### PROBLEM DESCRIPTION
Return the full set of entries precisely. Do not carry over any pictures.

-- RECORDS SUPPLIED follows --

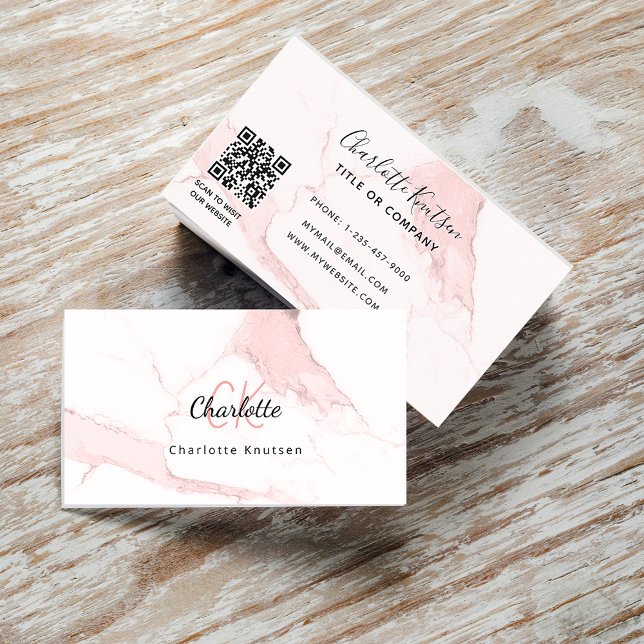 Logo gold pink marble monogram elegant QR Business Card (Creator Uploaded)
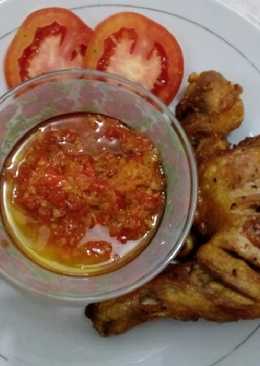 Ayam goreng + sambal korek pedess poll
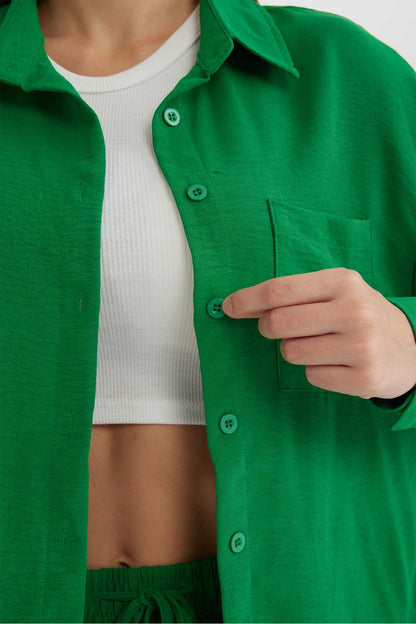 Long Sleeve Color Shirt Long Pants Set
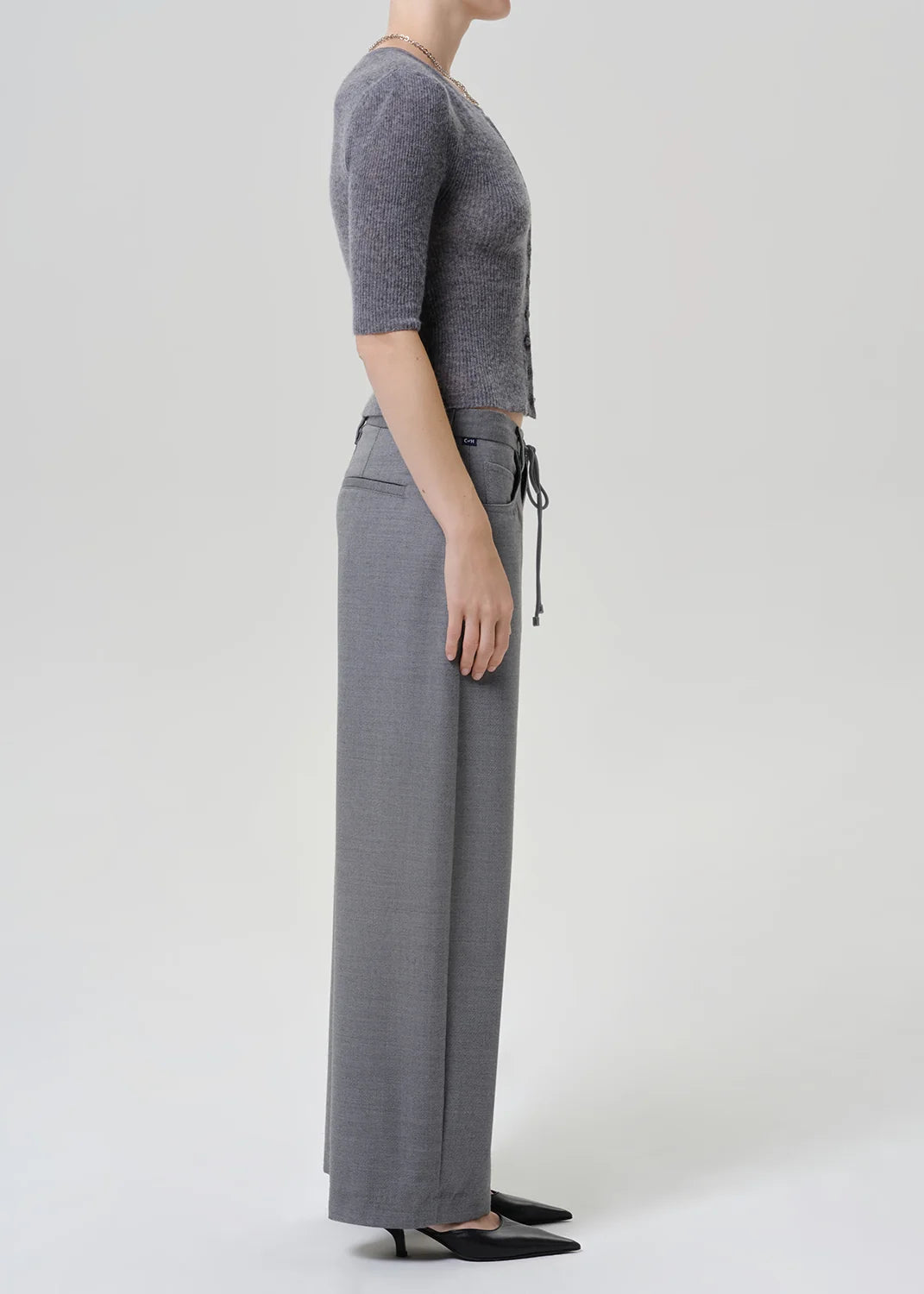 Brynn Drawstring Trouser in Gris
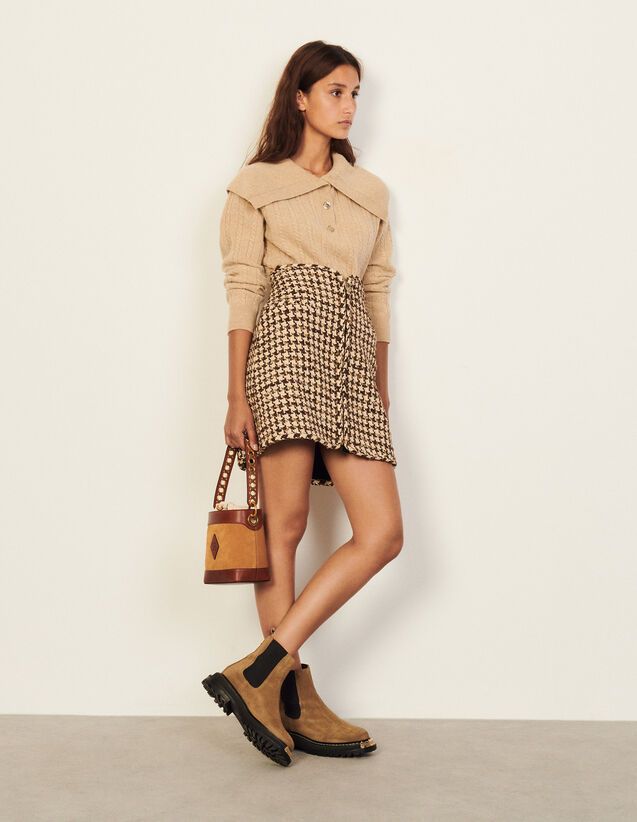 Short houndstooth skirt | Sandro Paris (US)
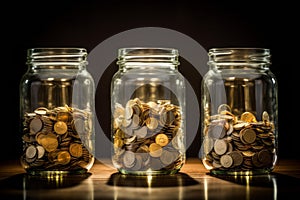 Many coins in glass jars. Concept of money economy and savings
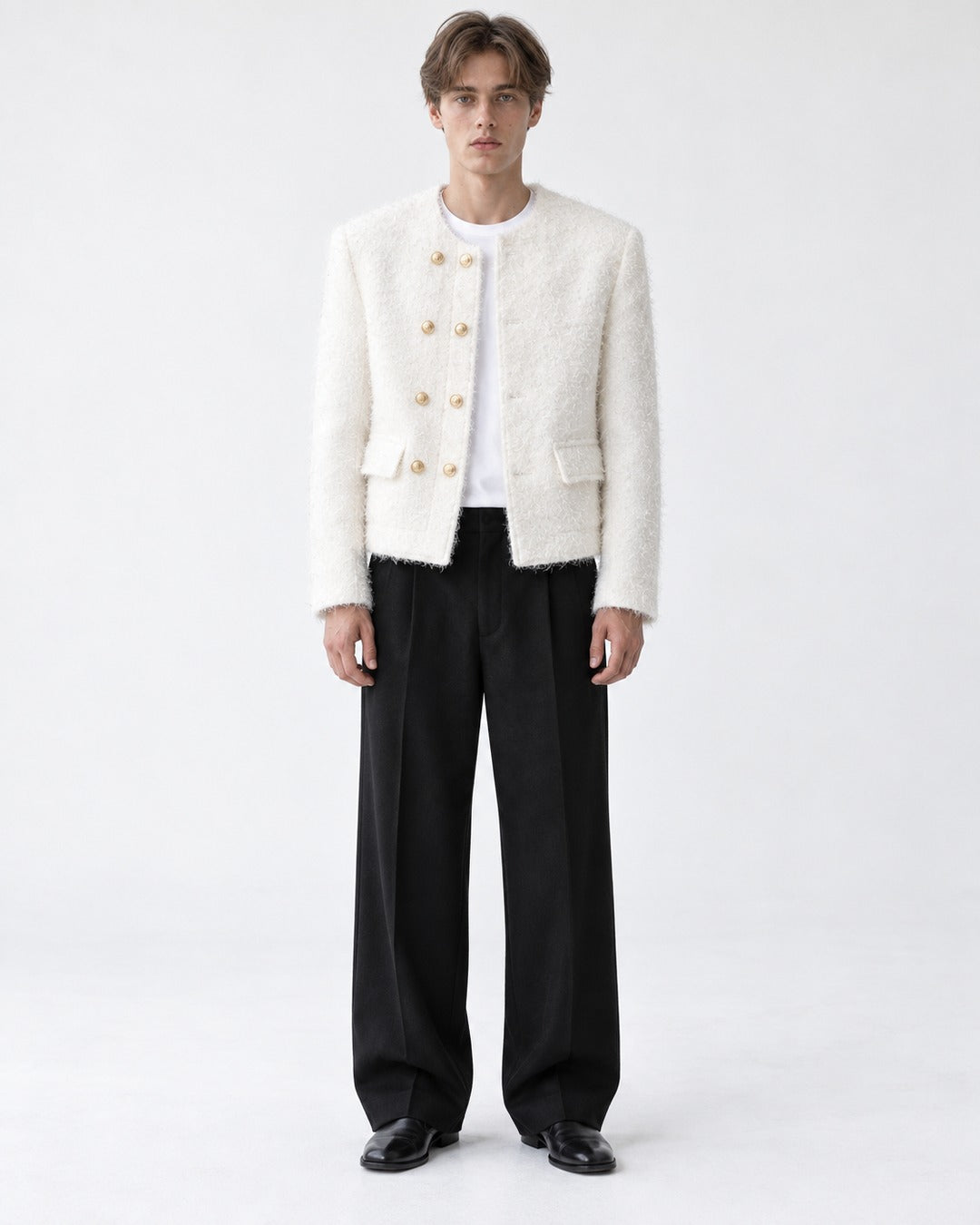 Collarless Double-Breasted Cropped Jacket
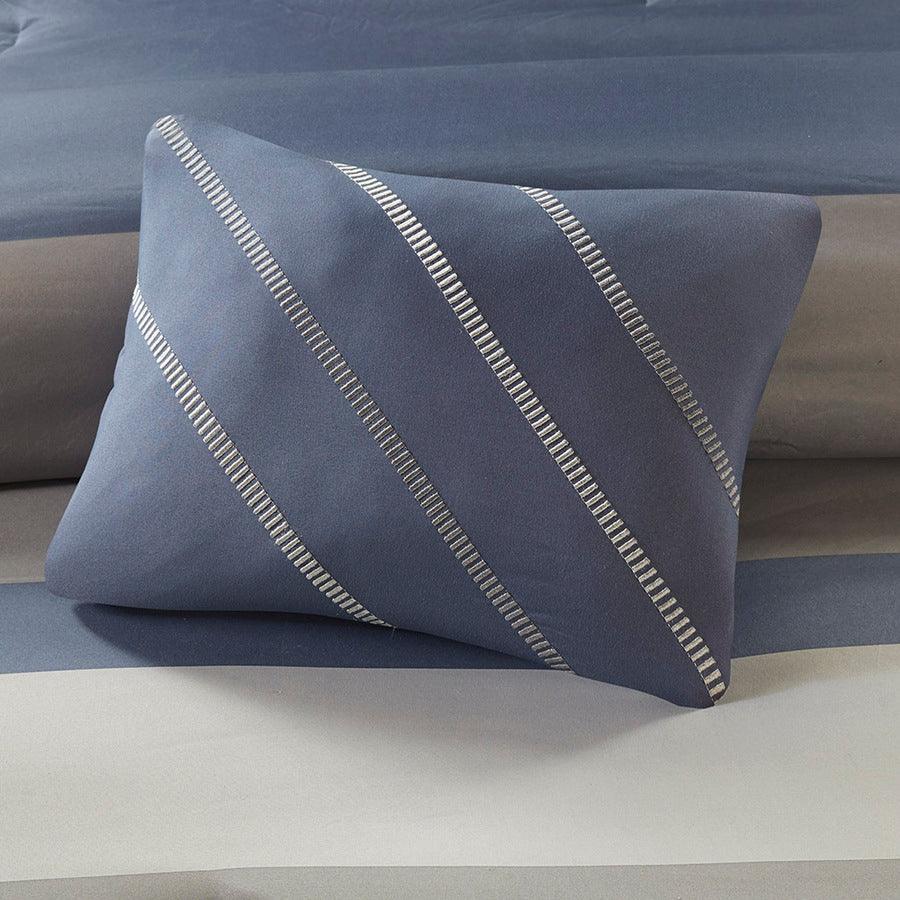 Marsden Complete Bed Set Including Sheets Blue & Gray Full Olliix.com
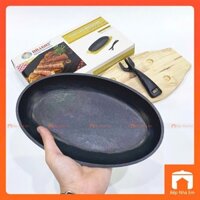 Bộ Khay Làm Beefsteak Oval Có Đế Gỗ và Tay Cầm Vạn Lợi Cao Cấp - Hàng Việt Nam Sản Xuất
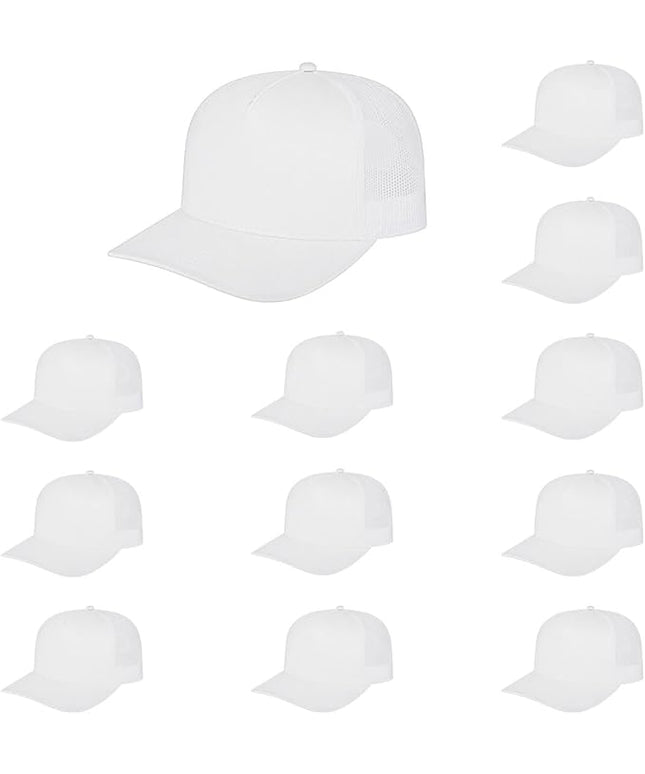 Cap America i3039 Classic 5 Panel Mid Profile Structured Trucker Mesh Back Cap w/ & Adjustable Snapback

-- RECORDS SUPPLIED concluded --

### EXERCISE RESPONSE
 Logo gold pink marble monogram elegant QR Business Card (Creator Uploaded)
 Ayam goreng + sambal korek pedess poll
 Long Sleeve Color Shirt Long Pants Set
 Brynn Drawstring Trouser in Gris
 Short houndstooth skirt | Sandro Paris (US)
 Many coins in glass jars. Concept of money economy and savings
 Collarless Double-Breasted Cropped Jacket
 Marsden Complete Bed Set Including Sheets Blue & Gray Full Olliix.com
 Bộ Khay Làm Beefsteak Oval Có Đế Gỗ và Tay Cầm Vạn Lợi Cao Cấp - Hàng Việt Nam Sản Xuất
 Cap America i3039 Classic 5 Panel Mid Profile Structured Trucker Mesh Back Cap w/ & Adjustable Snapback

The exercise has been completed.